* **MATERIAL TO PROCESS**
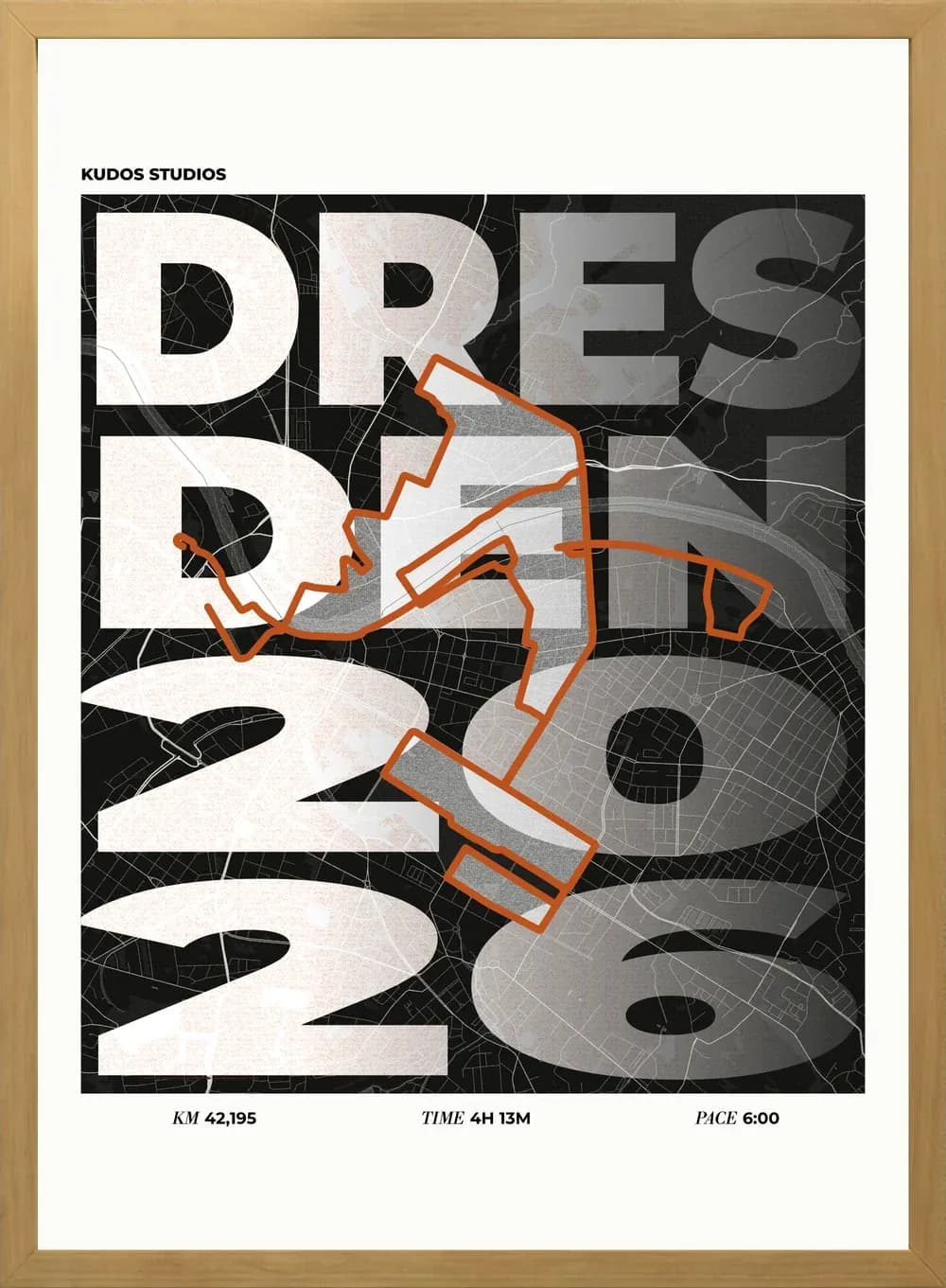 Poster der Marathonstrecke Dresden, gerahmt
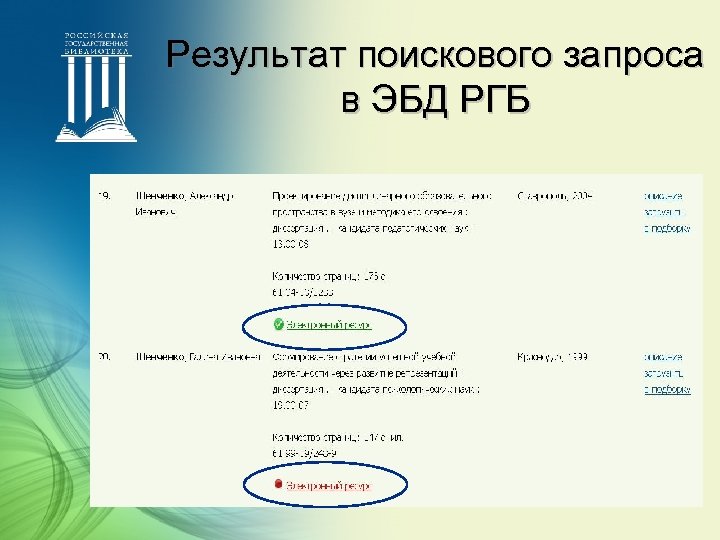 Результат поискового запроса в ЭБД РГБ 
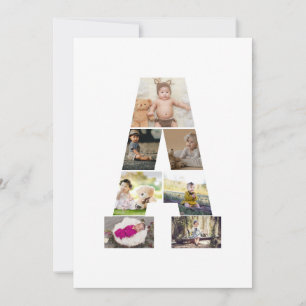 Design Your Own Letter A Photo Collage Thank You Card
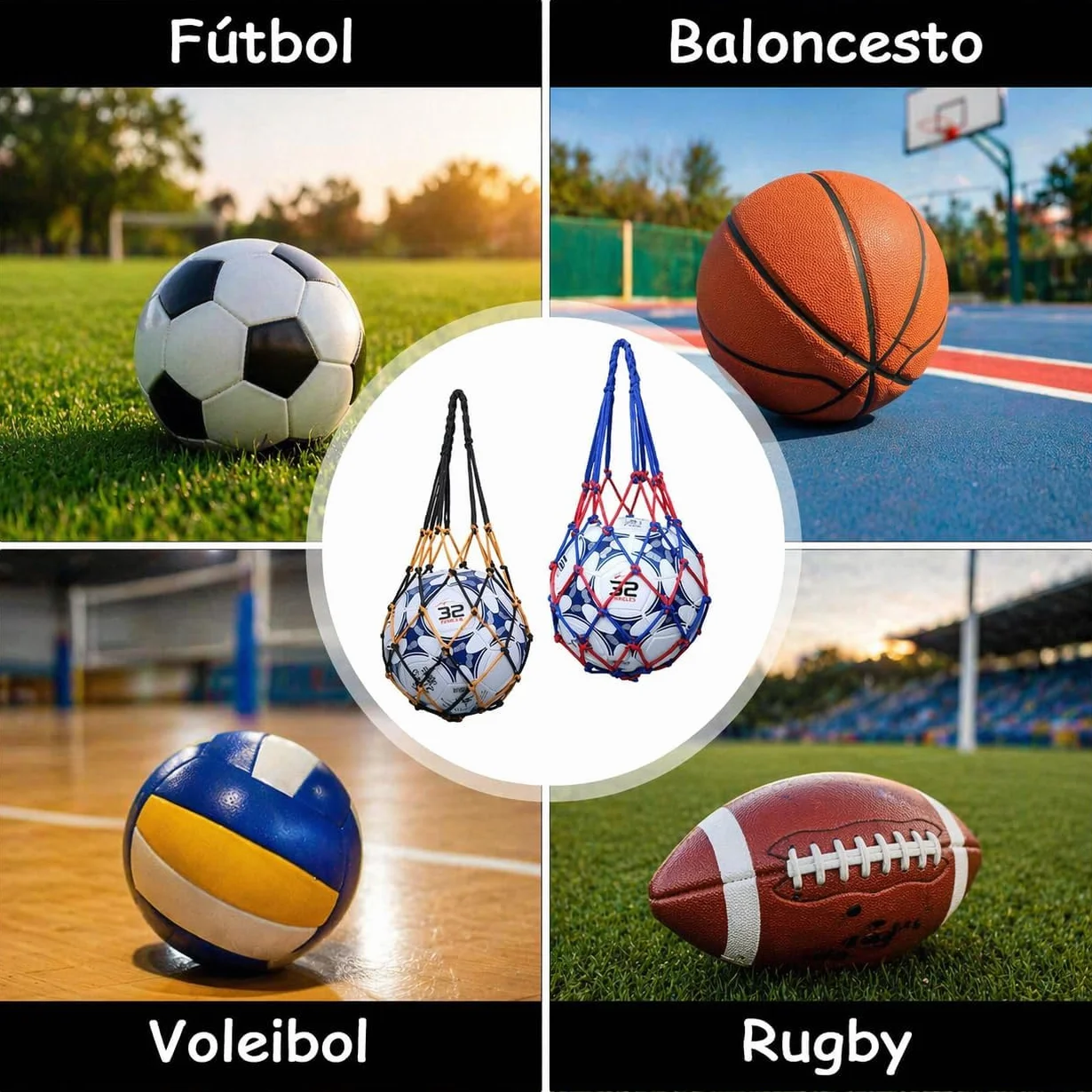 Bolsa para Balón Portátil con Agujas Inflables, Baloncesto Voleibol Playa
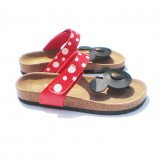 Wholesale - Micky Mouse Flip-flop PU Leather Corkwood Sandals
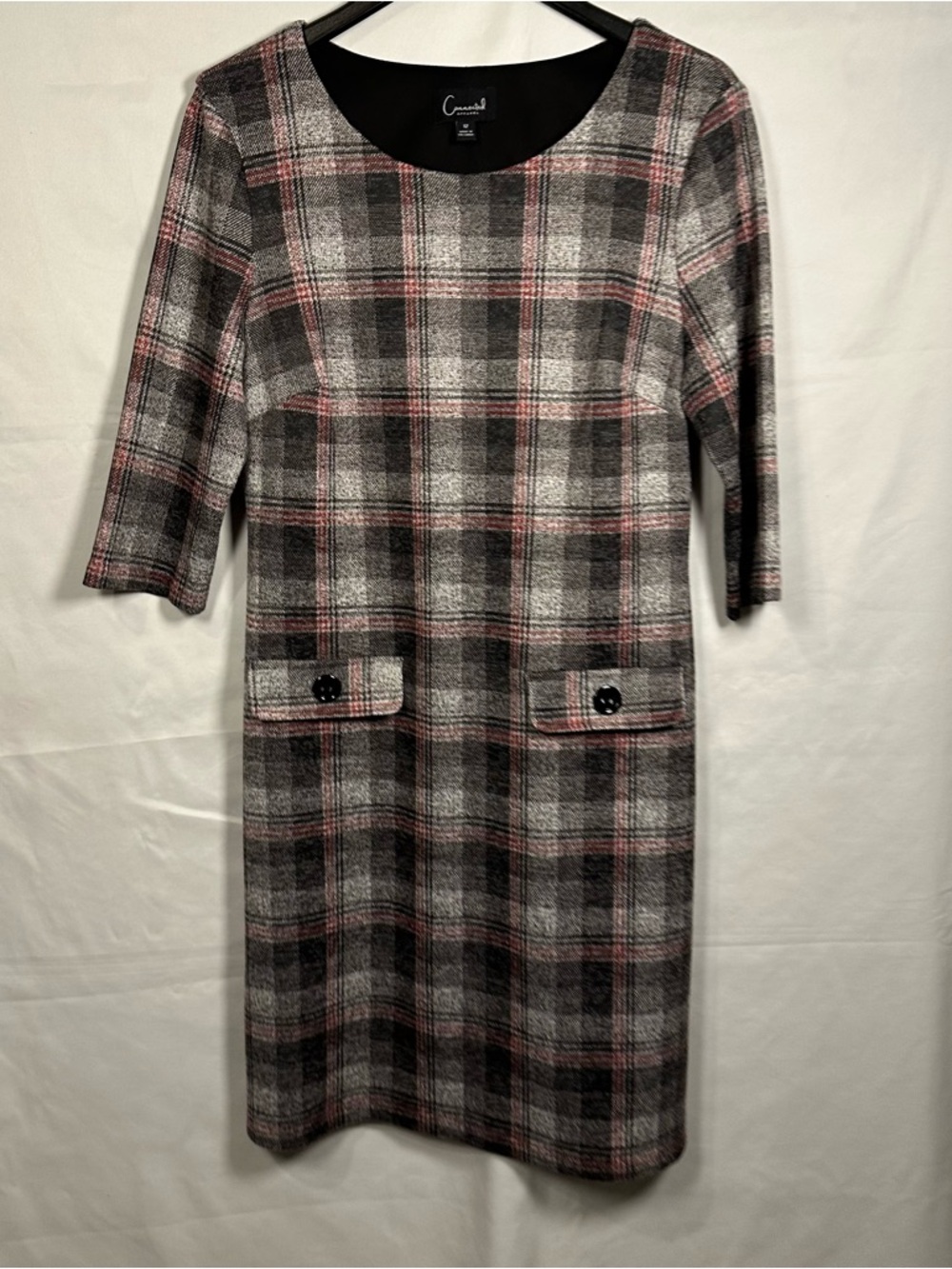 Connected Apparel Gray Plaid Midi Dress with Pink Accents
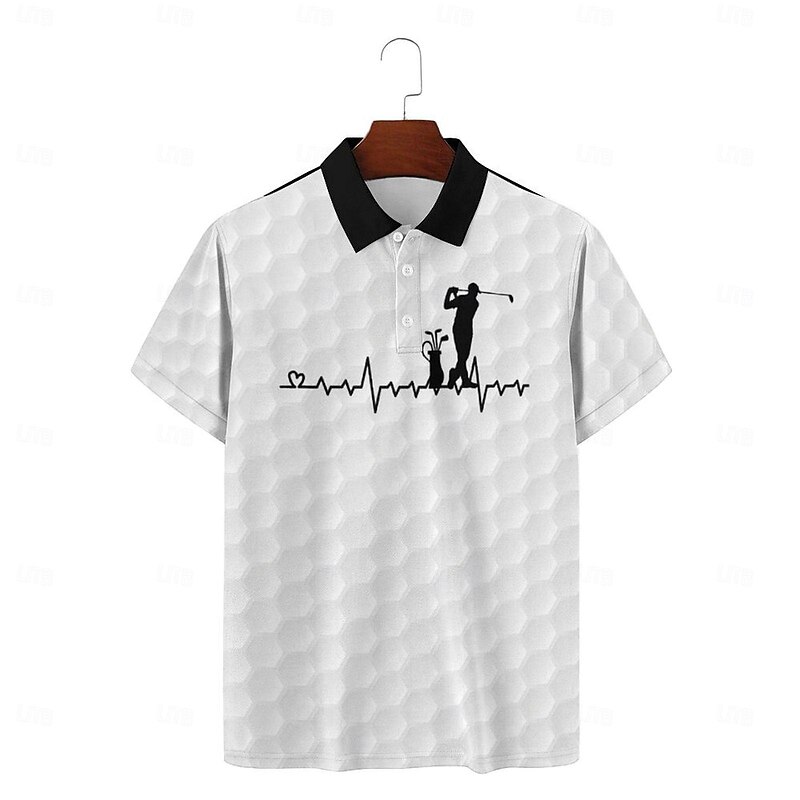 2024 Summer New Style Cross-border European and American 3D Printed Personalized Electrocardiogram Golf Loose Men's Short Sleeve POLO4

* **TASK GOAL**
Retype every entry exactly as written, but omit the pictures.

* **YOUR SOLUTION**
 Poster der Marathonstrecke Dresden, gerahmt
 Результат поискового запроса в ЭБД РГБ 
 Design Your Own Letter A Photo Collage Thank You Card
 Bolsa para Balón Portátil con Agujas Inflables, Baloncesto Voleibol Playa
 Wholesale - Micky Mouse Flip-flop PU Leather Corkwood Sandals
 Connected Apparel Gray Plaid Midi Dress with Pink Accents
 2024 Summer New Style Cross-border European and American 3D Printed Personalized Electrocardiogram Golf Loose Men's Short Sleeve POLO4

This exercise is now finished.